**Task goal**
Only the lines below from the one that contains "TYPES OF VIRUS" through the one that contains "Reversing Transient Global" should appear in your answer, exact and without pictures.

Dataset entries:
>>>>>

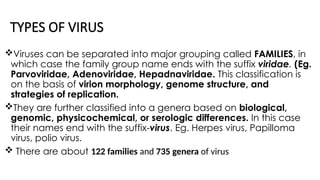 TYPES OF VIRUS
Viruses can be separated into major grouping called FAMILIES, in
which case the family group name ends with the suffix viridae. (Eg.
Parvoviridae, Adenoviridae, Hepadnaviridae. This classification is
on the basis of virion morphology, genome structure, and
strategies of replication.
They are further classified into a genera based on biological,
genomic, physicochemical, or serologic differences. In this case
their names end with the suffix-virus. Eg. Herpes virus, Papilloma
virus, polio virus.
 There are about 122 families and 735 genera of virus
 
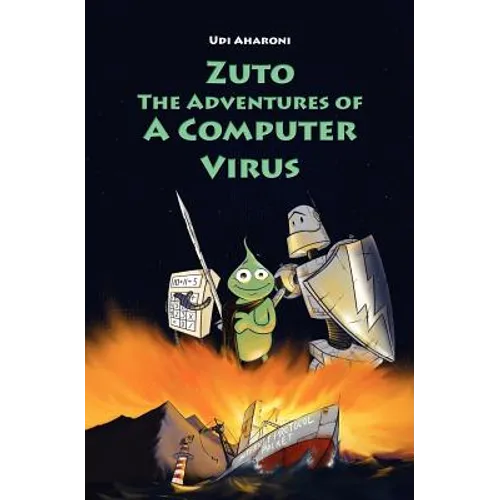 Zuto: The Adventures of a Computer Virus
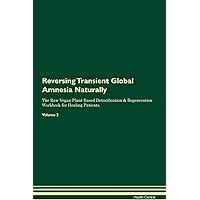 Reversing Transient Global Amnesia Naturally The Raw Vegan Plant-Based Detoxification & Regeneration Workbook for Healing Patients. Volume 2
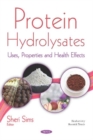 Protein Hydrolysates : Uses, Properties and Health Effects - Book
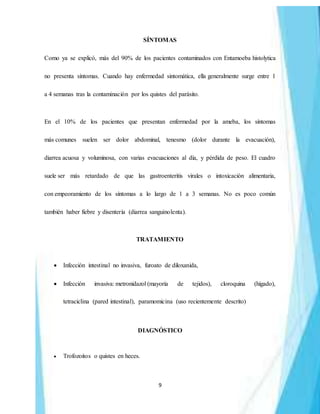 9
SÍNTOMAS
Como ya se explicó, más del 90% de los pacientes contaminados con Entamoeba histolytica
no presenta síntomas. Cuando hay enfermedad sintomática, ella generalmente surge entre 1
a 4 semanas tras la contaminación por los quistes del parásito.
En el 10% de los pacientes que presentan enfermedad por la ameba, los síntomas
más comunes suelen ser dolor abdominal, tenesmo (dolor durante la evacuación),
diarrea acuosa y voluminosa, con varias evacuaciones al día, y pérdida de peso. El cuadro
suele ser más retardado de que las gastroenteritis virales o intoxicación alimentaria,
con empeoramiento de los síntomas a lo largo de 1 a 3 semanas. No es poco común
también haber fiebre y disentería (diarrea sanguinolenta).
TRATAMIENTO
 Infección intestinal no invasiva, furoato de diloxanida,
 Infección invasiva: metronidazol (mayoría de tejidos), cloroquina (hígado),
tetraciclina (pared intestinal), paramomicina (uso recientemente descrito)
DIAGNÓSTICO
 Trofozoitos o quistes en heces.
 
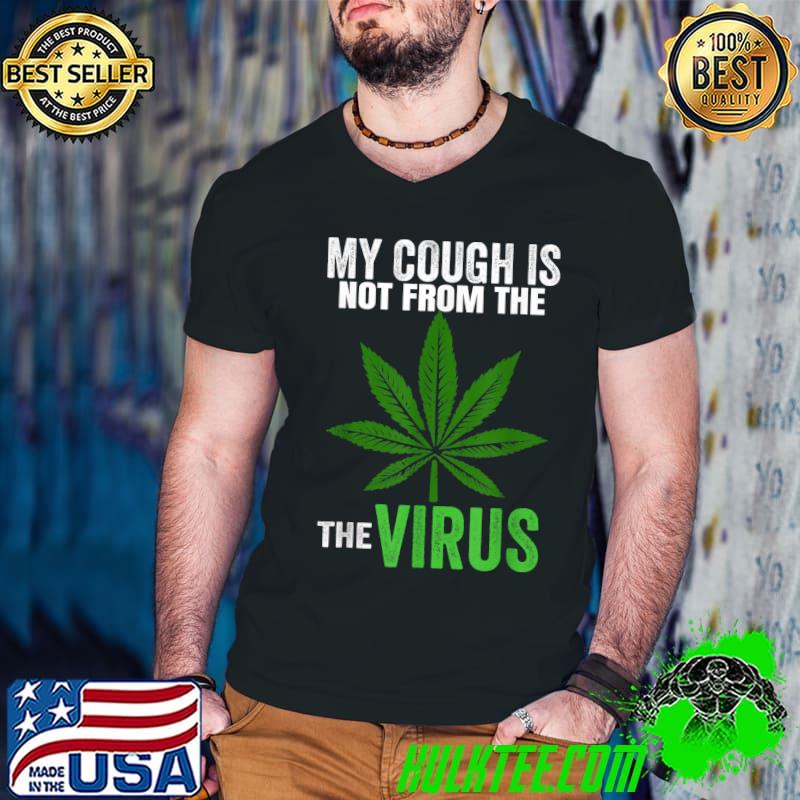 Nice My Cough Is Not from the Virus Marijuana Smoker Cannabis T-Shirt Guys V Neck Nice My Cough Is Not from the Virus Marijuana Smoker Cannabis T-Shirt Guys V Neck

<<<<<
>>>>>

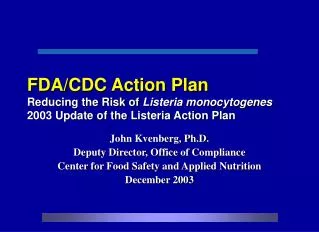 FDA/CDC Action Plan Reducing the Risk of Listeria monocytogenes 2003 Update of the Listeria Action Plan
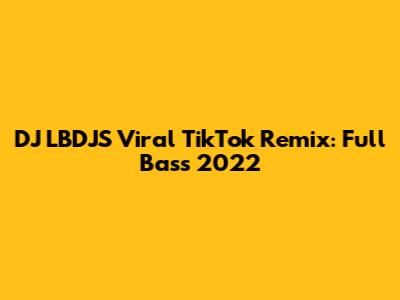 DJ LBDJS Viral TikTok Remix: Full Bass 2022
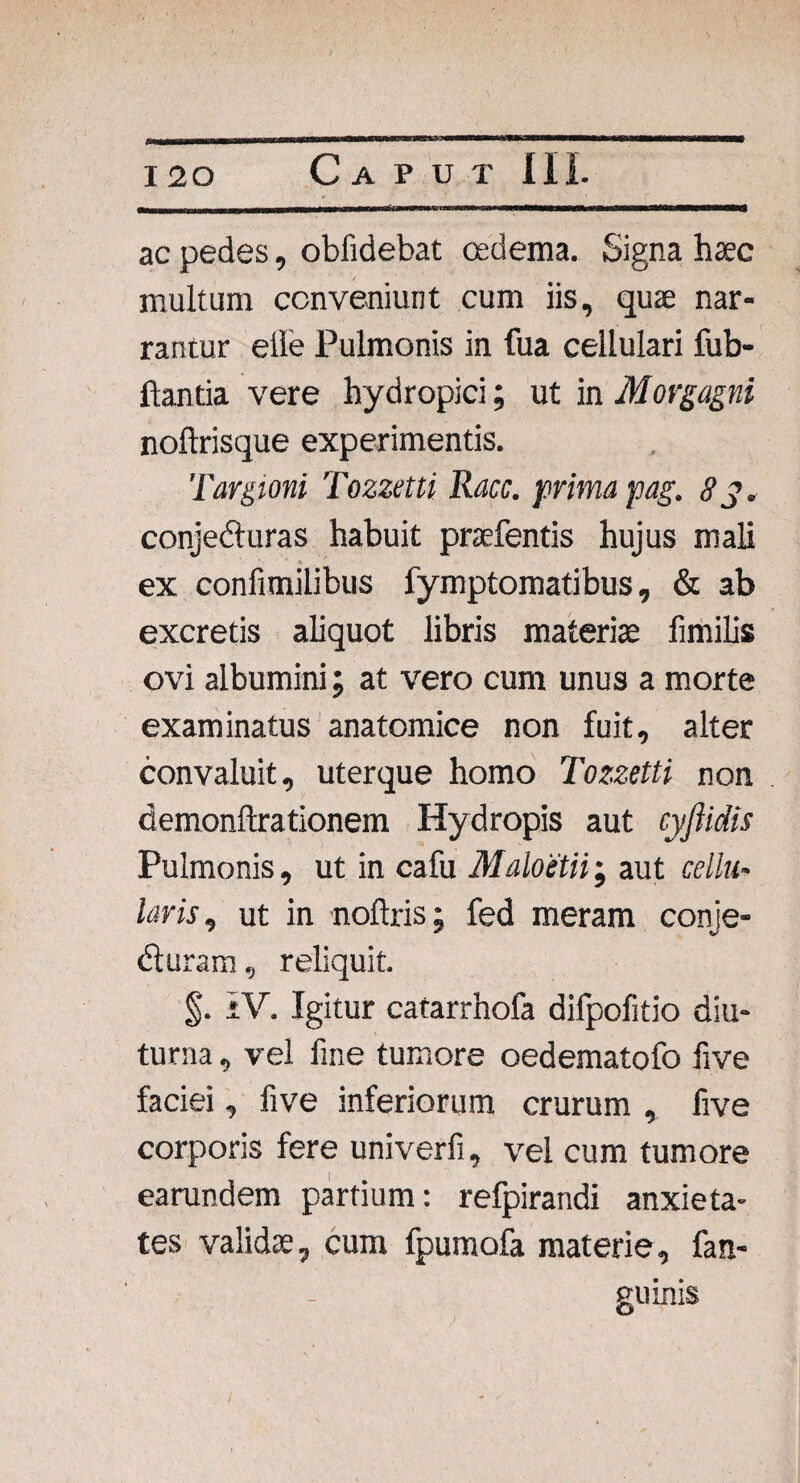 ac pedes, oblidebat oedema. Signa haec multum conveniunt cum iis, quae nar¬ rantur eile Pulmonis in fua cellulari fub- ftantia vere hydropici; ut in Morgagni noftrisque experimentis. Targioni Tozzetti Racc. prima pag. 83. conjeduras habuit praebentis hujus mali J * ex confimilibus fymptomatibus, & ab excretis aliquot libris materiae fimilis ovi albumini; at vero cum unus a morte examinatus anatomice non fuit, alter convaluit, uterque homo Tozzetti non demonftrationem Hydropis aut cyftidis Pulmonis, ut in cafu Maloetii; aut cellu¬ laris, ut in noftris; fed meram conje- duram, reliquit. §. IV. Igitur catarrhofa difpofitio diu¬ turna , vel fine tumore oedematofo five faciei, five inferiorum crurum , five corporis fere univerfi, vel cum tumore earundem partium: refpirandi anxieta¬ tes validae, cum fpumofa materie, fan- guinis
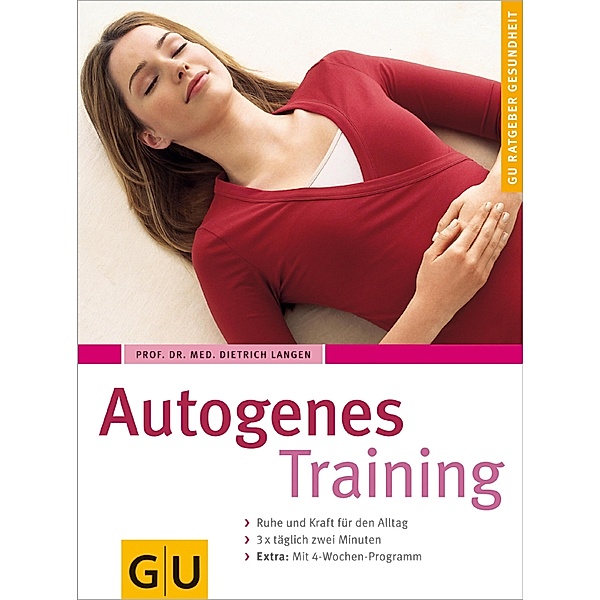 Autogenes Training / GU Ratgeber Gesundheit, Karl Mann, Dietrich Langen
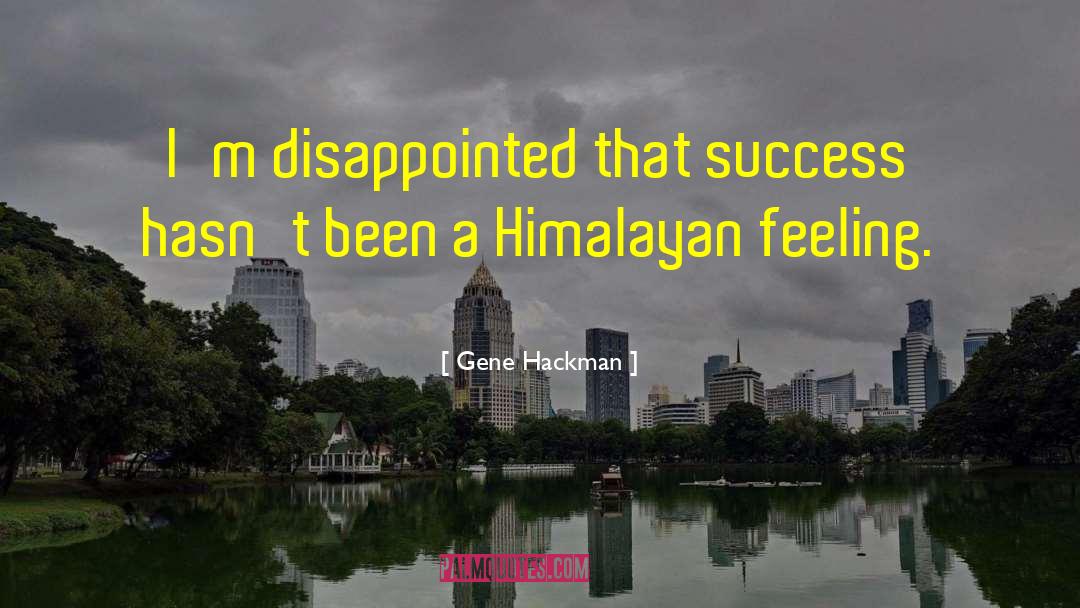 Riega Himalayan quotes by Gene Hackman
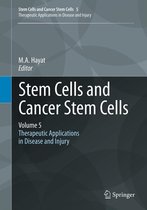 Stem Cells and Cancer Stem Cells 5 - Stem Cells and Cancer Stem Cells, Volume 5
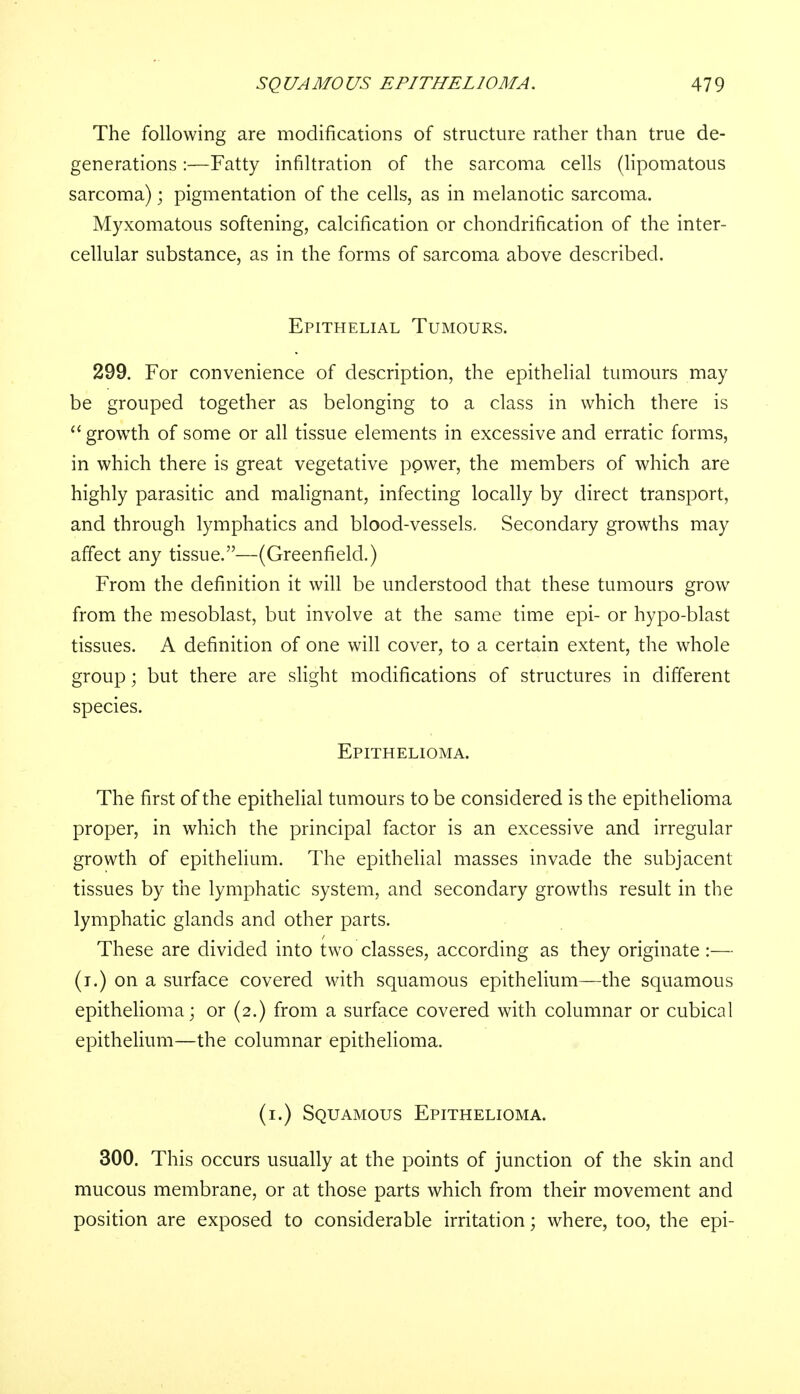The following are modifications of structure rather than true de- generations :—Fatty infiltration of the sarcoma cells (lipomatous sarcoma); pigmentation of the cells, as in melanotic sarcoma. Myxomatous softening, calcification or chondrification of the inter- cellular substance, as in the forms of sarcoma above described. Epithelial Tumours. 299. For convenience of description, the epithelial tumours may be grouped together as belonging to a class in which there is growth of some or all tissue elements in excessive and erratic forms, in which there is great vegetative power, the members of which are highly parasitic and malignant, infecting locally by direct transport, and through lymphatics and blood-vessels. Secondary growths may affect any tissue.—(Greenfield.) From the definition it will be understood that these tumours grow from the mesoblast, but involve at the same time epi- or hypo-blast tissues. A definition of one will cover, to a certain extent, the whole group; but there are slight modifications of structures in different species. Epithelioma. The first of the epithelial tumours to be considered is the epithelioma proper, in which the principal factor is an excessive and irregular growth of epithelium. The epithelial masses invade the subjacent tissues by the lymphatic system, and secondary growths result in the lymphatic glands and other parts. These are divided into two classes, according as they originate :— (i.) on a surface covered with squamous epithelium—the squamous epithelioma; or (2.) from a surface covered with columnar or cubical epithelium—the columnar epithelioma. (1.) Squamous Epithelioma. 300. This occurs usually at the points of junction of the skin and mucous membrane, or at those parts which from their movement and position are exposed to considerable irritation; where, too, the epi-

<<<<<

**Reply**
 TYPES OF VIRUS
Viruses can be separated into major grouping called FAMILIES, in
which case the family group name ends with the suffix viridae. (Eg.
Parvoviridae, Adenoviridae, Hepadnaviridae. This classification is
on the basis of virion morphology, genome structure, and
strategies of replication.
They are further classified into a genera based on biological,
genomic, physicochemical, or serologic differences. In this case
their names end with the suffix-virus. Eg. Herpes virus, Papilloma
virus, polio virus.
 There are about 122 families and 735 genera of virus
 
 Zuto: The Adventures of a Computer Virus
 Reversing Transient Global Amnesia Naturally The Raw Vegan Plant-Based Detoxification & Regeneration Workbook for Healing Patients. Volume 2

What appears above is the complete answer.